Il est vrai que Micha Saakachvili, qui fut le premier homme à diriger le pays après la révolution des Roses, était réputé pour son ambition exubérante. Président d’une ex-république soviétique à peine sortie de l’anarchie des années 1990, il s’est attaqué au défi des réformes structurelles avec toute la subtilité d’un rouleau-compresseur.
Des maisons délabrées à Tbilissi? Démolies, pour construire un pont de verre qui s’illumine au passage des piétons. Un repaire de bandits au sommet d’une montagne isolée?

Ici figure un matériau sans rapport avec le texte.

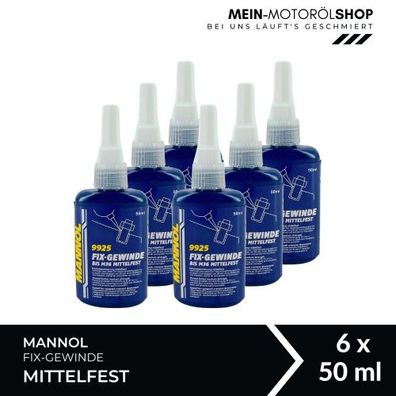 Mannol Fix-Gewinde bis M36 Mittelfest 6x50 ML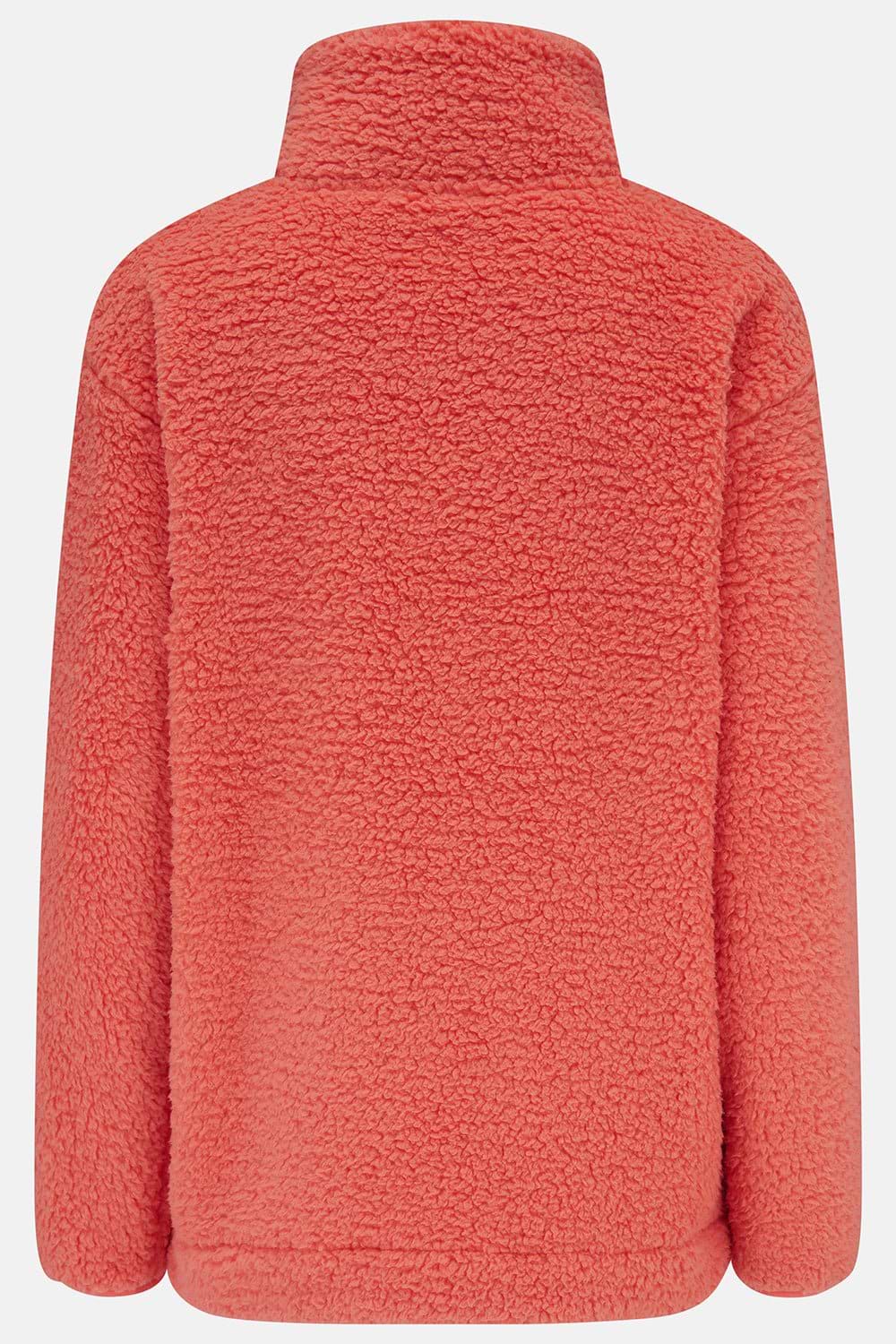 Seashell Full Zip Sherpa Fleece - Poppy - Lighthouse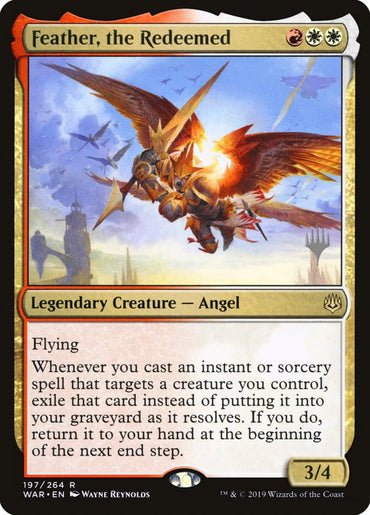 Feather, the Redeemed (Promo Pack) [War of the Spark Promos]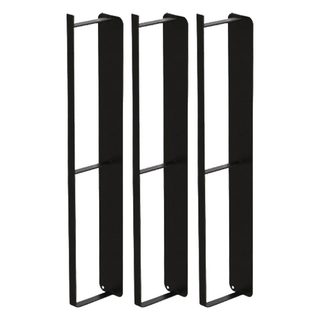 磁吸衣架收納架 BH298-1 大款, 黑色, 3個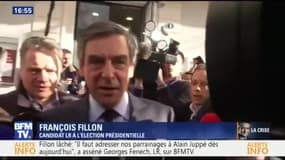 François Fillon: "Je m'appuie sur les Français. Les Français se prononceront"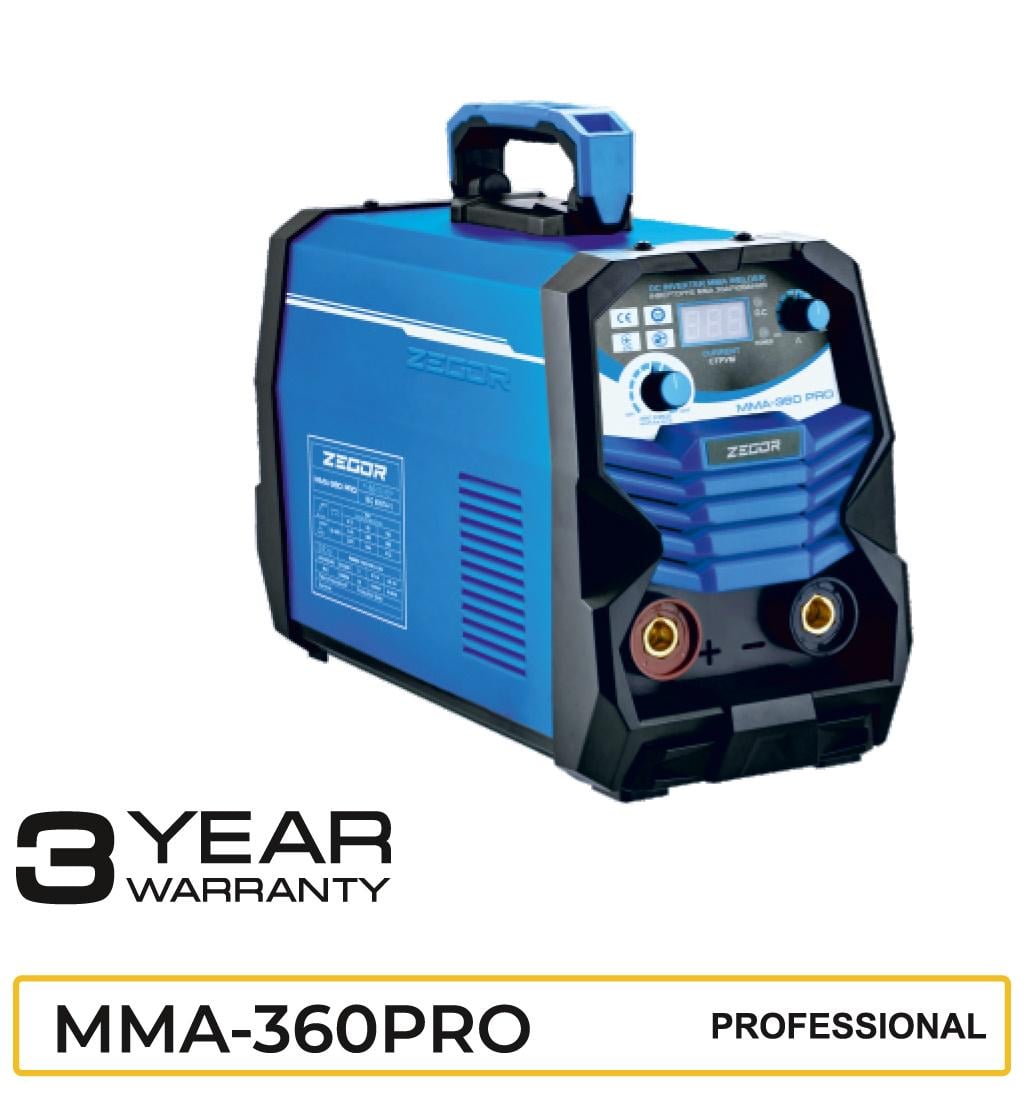 Сварочный аппарат инверторный Zegor MMA-360 PRO/IGBT 6,2 кВт MMA (MMA-360 Pro) - фото 11 Сварочный аппарат инверторный Zegor MMA-360 PRO/IGBT 6,2 кВт MMA (MMA-360 Pro) - фото 11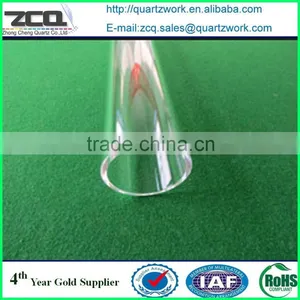100mm Quartz Glass Tube Quartz Tube for uv Lamp Quartz Tube thumbnail-3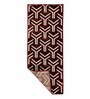 Maroon Geometric Polypropylene 2 x 5 Feet Machine Made Runner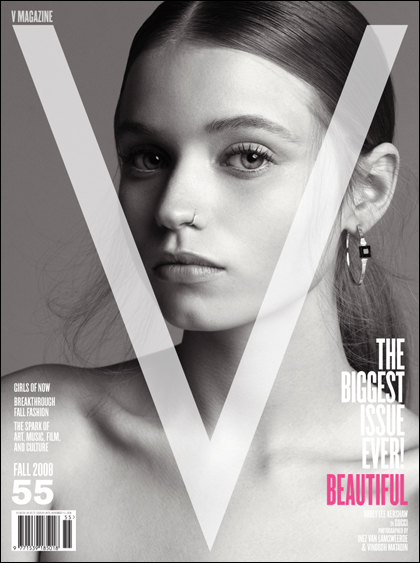 V Magazine 55 fall 2008 Abbey Lee Kershaw cover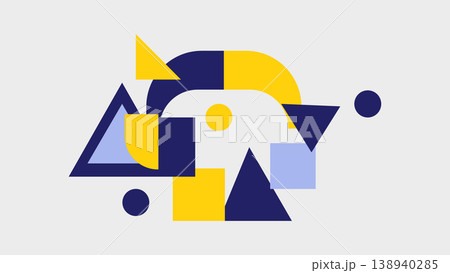 Abstract animal shape formed by geometric elements with abstract art, modern art 138940285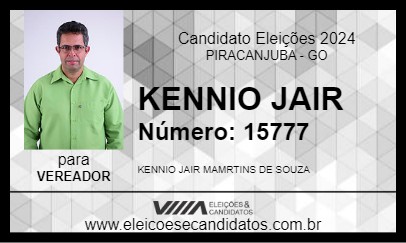 Candidato KENNIO JAIR 2024 - PIRACANJUBA - Eleições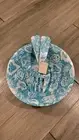 Sur La Table Melamine Turgoise Batik Salad bowl & Serving Set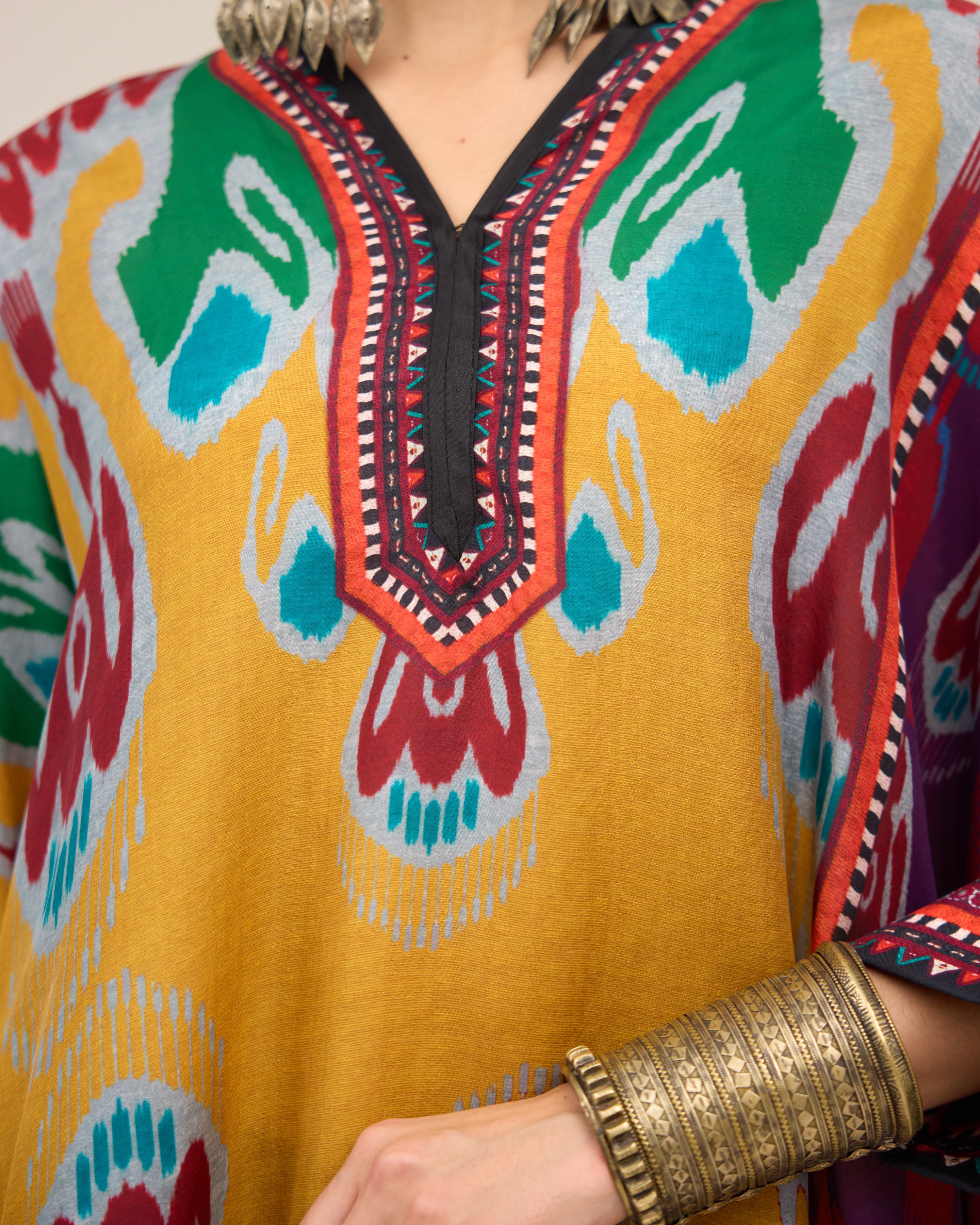 Tangier : Chanel 36" - Mustard/Multi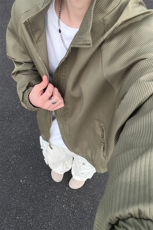 A178秋冬季新款美式夹克男潮牌宽松外套JK001P50限价78，男装夹克，电商A178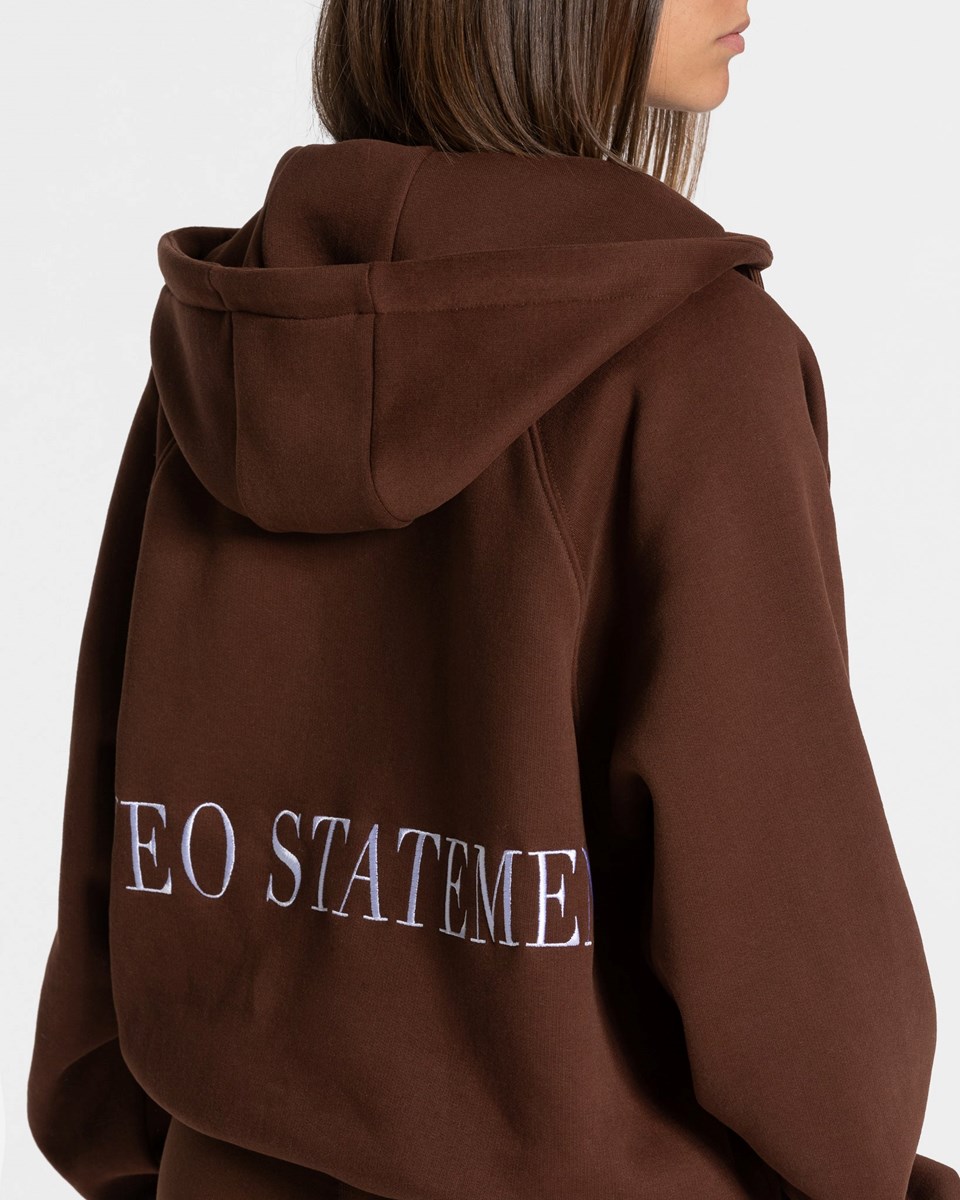 TEVEO Statement Oversized Jackets Kaffee | GEKN-70265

Transformé en station de ski!
Jusqu’en 2004, Batoumi a été le terrain de jeu politique et privé d’Aslan Abachidzé, le satrape local. A sa chute, sans surprise, Saakachvili a pris les choses en main avec pour projet de métamorphoser la ville en «Las Vegas de la mer Noire», célébration extravagante et orgiaque de l’argent frais et des valeurs modernes.